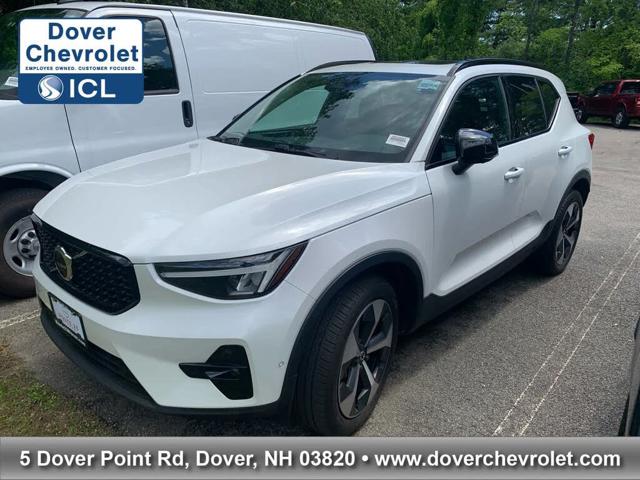 2024 Volvo XC40 B5 Plus Dark Theme AWD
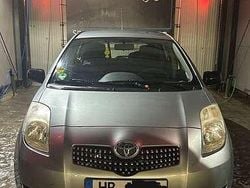 Grau Gebraucht 2007 Toyota Yaris Cool Kleinwagen | 2.000 € (Guter Preis)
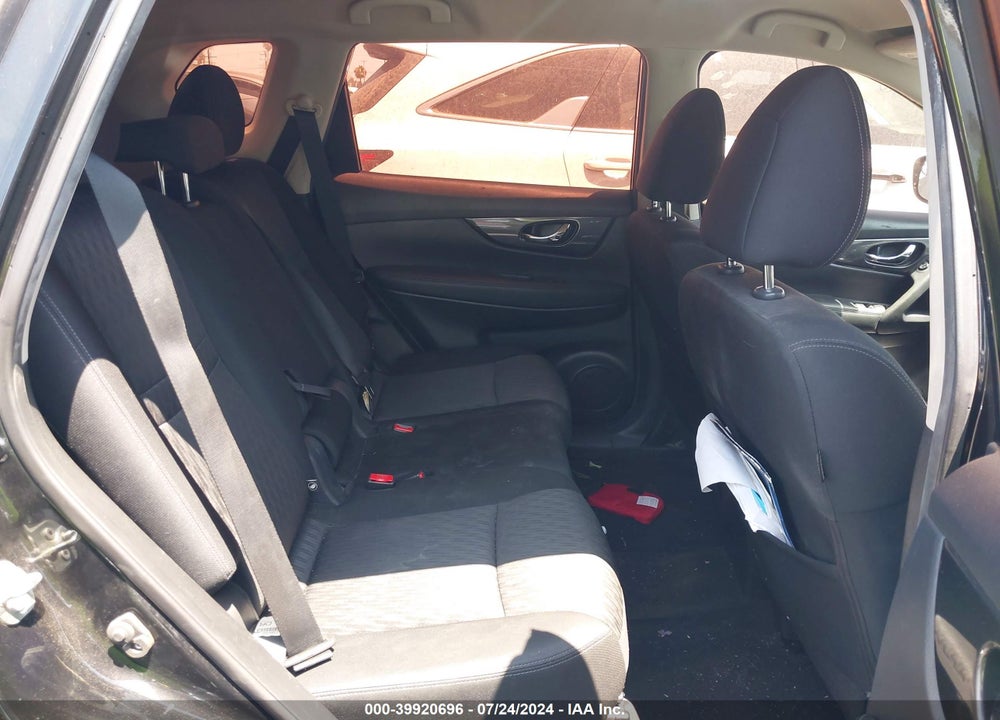 2017 NISSAN ROGUE S VIN: KNMAT2MT1HP605658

****************************************

▸ **TASK TO COMPLETE**
Whenever images occur above, omit them and retype each line exactly as it stands.

▸ **OUTPUT FOR THIS TASK**
 2024 Volvo XC40 B5 Plus Dark Theme AWD
 Grau Gebraucht 2007 Toyota Yaris Cool Kleinwagen | 2.000 € (Guter Preis)
 2017 NISSAN ROGUE S VIN: KNMAT2MT1HP605658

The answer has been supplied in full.